◆ Task prompt ◆
Reproduce exactly the line with "Laminate flooring installation" and every line that follows it below, up to and including the last one. Do not include pictures or anything else.

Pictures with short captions
● ● ●

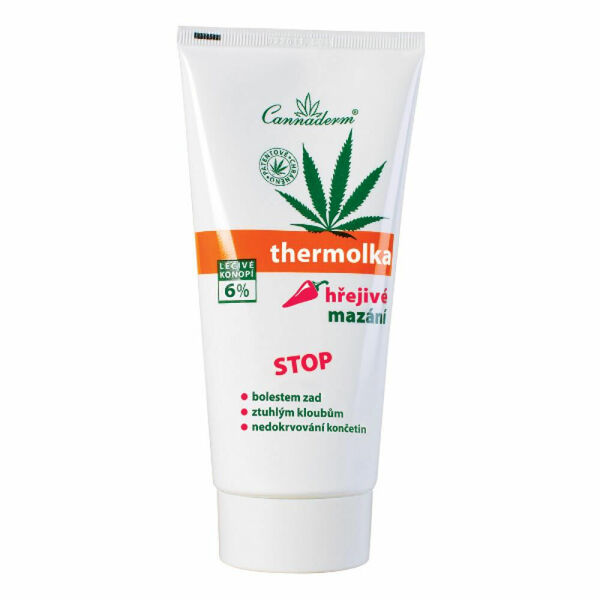 CANNADERM Thermolka hřejivé mazání 200 ml porovnat ceny
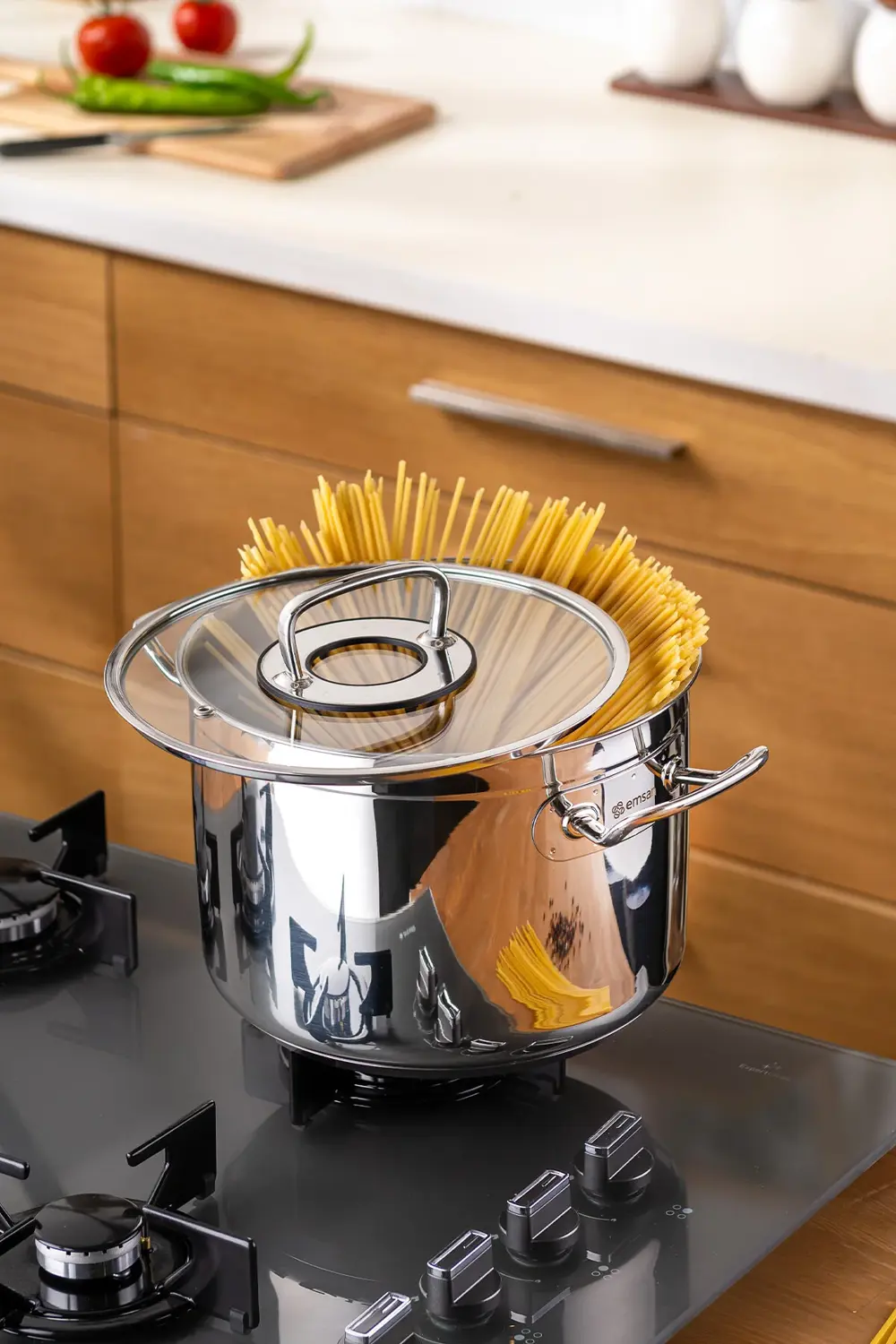 Emsan Elite Derin Tencere XL 18 cm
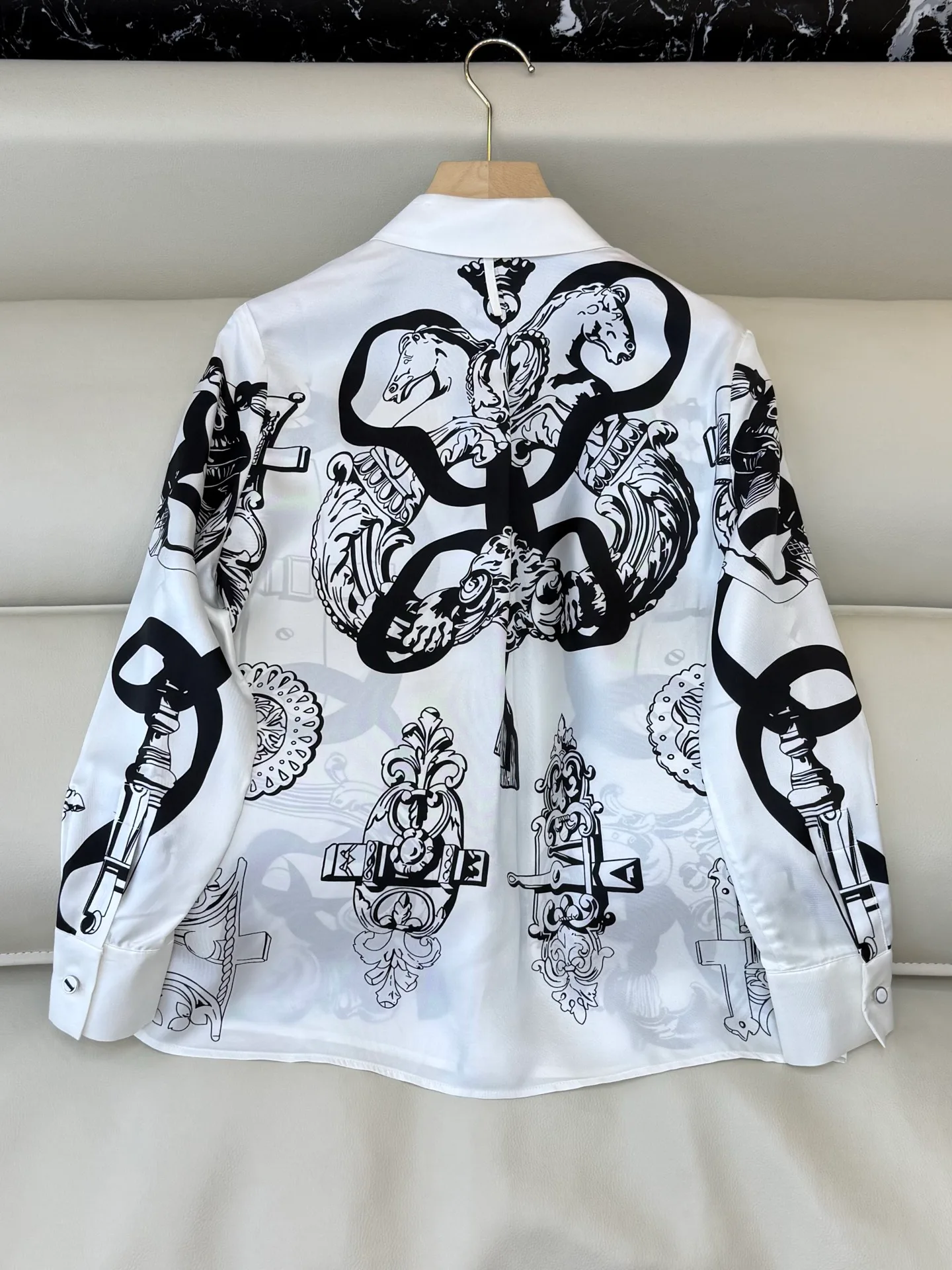 Рубашки Женские Hermes 5660379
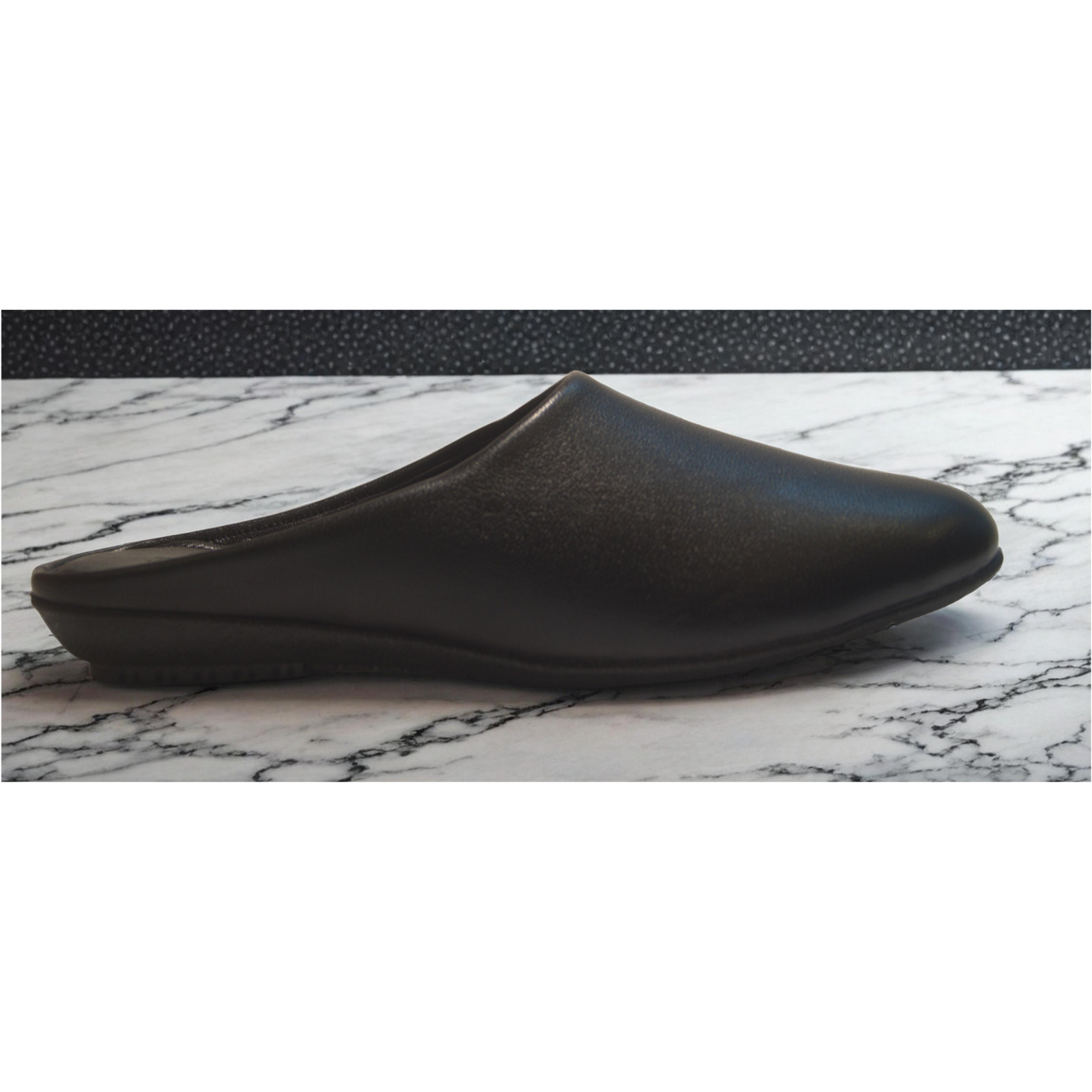 Loafers with rubber sole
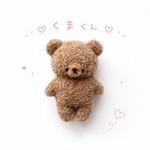 くまぬいぐるみ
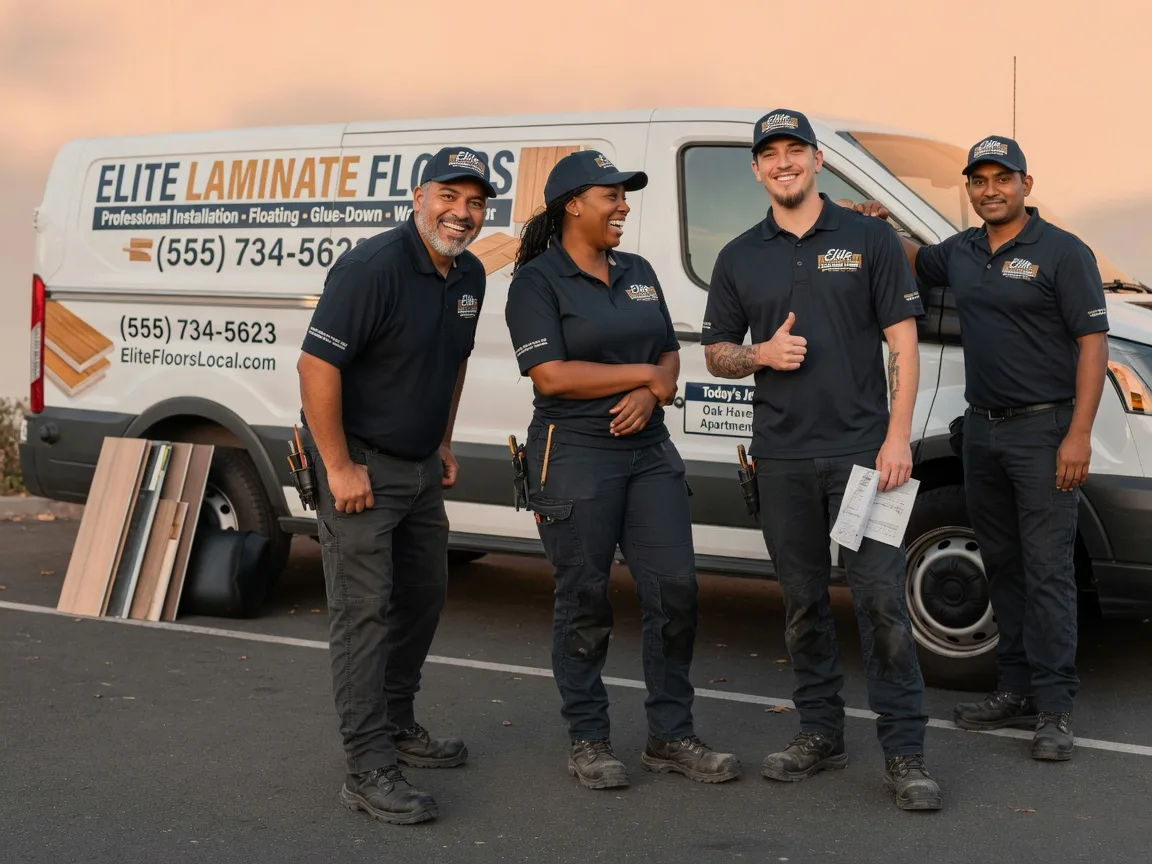 Laminate flooring installation company in Bryant, WI
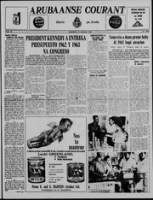 Arubaanse Courant (19 Januari 1962), Aruba Drukkerij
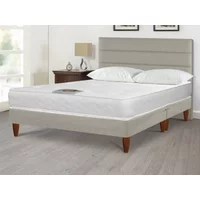 Deluxe Memory Elite Pocket 1000 4ft6 Double Divan Bed on Legs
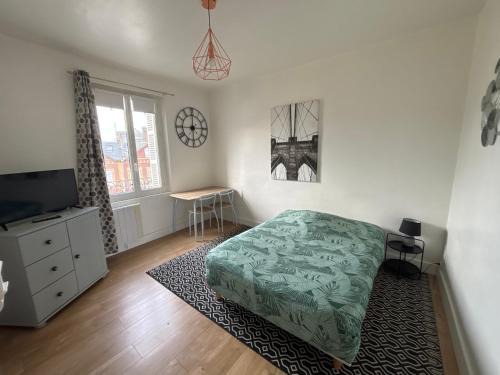 Cote Est Soquence Apartamento | Appartement meublé et rénové centre ancien du Havre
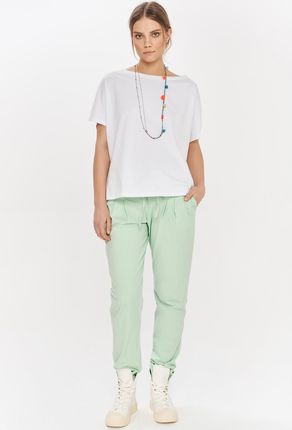 by Insomnia Koszulka oversize NANETTE T-SHIRT BIAŁY - zdjęcie 2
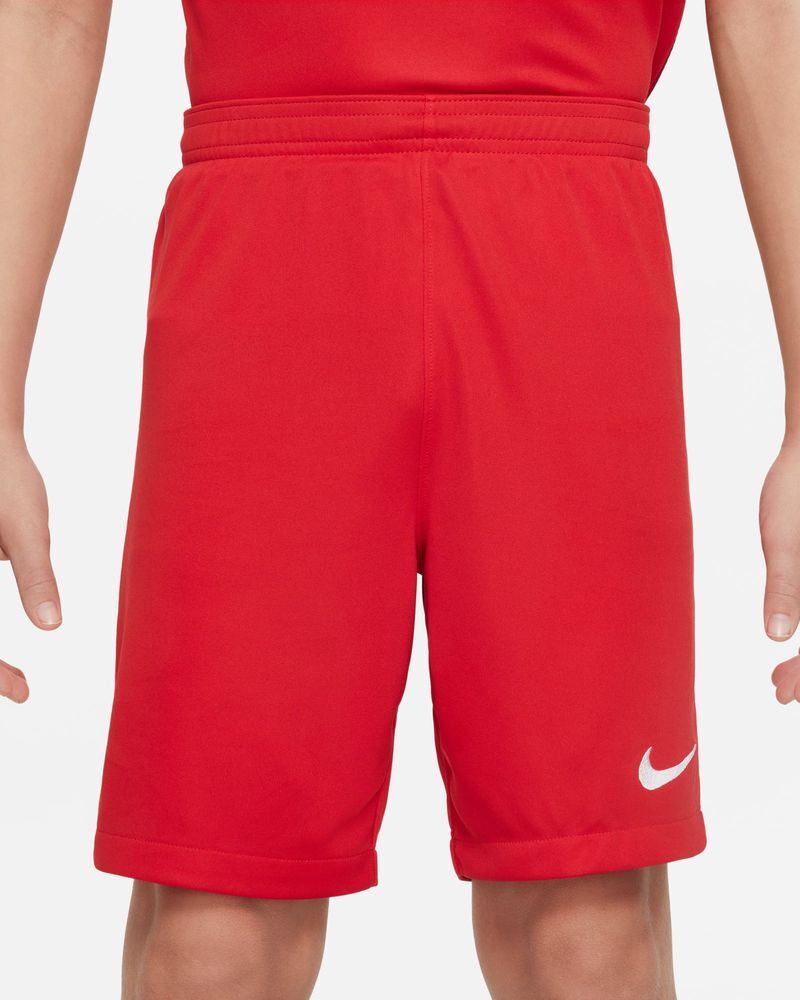 Nike Pantaloncini da calcio League Knit III Rosso per Bambino DR0968-657 M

● ● ●

◆ Exercise output ◆
 Laminate flooring installation company in Bryant, WI
 Arubaanse Courant (19 Januari 1962), Aruba Drukkerij
 Deluxe Memory Elite Pocket 1000 4ft6 Double Divan Bed on Legs
 Cote Est Soquence Apartamento | Appartement meublé et rénové centre ancien du Havre
 by Insomnia Koszulka oversize NANETTE T-SHIRT BIAŁY - zdjęcie 2
 Nike Pantaloncini da calcio League Knit III Rosso per Bambino DR0968-657 M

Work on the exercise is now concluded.